But I can certainly see what a nightmare it would be if you had a less stable/flighty landlord.

(Comments wont nest below this level)
Comment by palmetto
2017-10-04 09:32:34

Other than the deferred maintenance, our LLs were pretty much OK until they decided to sell. Then things got weird.

There were also problems with the property that were not the fault of the LL, such as drainage issues created by the vacant, unmaintained land behind the HOA. Also there were issues with the HOA which I won’t get into. All the homeowners were affected, though, not just our LL.

Comment by clark
2017-10-03 23:54:19

Dear Blue Sky,

Where do you live when the water is frozen?

Your life seems prime. If I were single, I’d follow your example. No doubt.

I imagine that my materialistic wife would hate your lifestyle. Especially when she got older, unable to climb ladders, no closet space, that sort of stuff. [Do you have any plans for when you're too old for boating, other than drowning?] Fine way to go, imho.

I imagine you live in a 1-bedroom apt in the off-season. I couldn’t deal with the transition, myself. If so, how do you deal with being all cramped up during Winter? I used to be river rat, I don’t understand how you do it in the off-season.

Per Ben’s comment asking about how Mike lives, I feel compelled to say, I live in a crappy, long ago-needs-new-carpet, 3-BD/2-BA rental SFH in Iowa and the landlord has taken differed maintenance to the extreme. Last fall, the excuse for Not fixing the roof leak was, ‘we didn’t get around to it’, then it became, ‘we’re sending a guy out this Spring’,… all the last three years, the roof leaked, and I haven’t seen anybody. I guess I’m glad I haven’t seen a Sargent Shultz city inspector demanding entry to my domicile, then [true story] telling my landlord to fix the ceiling - and not the leaky roof - like the last time in another nearby city, psft. [Is Trump gonna do anything about that? My Realtywhore owned city adminitratprs....]. Anyway, That said, I don’t feel any better about the roof leak on my chair in the living room.

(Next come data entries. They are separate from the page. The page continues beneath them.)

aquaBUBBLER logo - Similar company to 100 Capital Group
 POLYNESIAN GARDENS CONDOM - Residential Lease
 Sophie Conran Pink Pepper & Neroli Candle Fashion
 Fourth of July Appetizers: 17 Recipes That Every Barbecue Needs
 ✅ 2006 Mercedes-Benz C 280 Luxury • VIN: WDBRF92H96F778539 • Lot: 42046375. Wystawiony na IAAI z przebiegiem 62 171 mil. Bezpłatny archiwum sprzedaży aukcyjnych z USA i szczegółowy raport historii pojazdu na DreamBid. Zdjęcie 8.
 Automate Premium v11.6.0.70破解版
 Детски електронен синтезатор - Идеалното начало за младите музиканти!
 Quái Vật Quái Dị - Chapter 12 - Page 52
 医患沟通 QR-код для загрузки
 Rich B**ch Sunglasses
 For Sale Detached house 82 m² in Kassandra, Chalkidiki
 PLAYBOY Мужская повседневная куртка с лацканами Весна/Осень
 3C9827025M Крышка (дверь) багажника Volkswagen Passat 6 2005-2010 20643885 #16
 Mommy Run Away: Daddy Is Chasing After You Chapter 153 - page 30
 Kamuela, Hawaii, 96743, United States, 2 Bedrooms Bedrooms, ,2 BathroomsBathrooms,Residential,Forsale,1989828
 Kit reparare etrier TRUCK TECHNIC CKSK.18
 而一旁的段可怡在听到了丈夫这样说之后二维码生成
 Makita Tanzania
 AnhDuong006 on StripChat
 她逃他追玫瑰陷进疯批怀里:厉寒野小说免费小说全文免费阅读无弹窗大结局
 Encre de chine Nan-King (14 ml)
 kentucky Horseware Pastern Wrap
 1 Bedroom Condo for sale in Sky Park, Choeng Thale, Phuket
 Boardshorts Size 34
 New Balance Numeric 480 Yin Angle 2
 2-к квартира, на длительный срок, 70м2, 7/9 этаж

However; I’ve become accustomed to the 800 Dollar rent I’ve paid lo these past six or so years, which was a HUGE jump Up from the 450 Dollar shotgun shack I was renting when I was young and full of Lots of Fun. I look around and see people are paying twice the 800 Bucks I am paying, easily, and I want to stay put, in spite of the leaks, but then again, ask me again once the rainy season kicks-in and the mold situation gets even More noticeable. …But yeah, I’ve been looking for an out.
If I have to pay double my current rent, I don’t see how, buying beats renting. [Sorry, my good friend, Housing Analyst]. I am Very tempted to buy, wife kicking me in the butt and making me regretting Not buying in 2012.

I priced out floating RV’s [boats] they are not attractive -not at all - especially compared to land roving RVs, plus, the railroad lines run up and down both sides of the river, blowing their horns 15 or 19 times every twenty minutes or so as they make way [bastards] some engineers have more of a strong arm than others. I long to escape the torment of train engineers blowing their horns, usually, and predominantly, during sleeping hours. However; not enough to enter the gates of the local mobile home trailer park, Hell. And, I do mean, Hell.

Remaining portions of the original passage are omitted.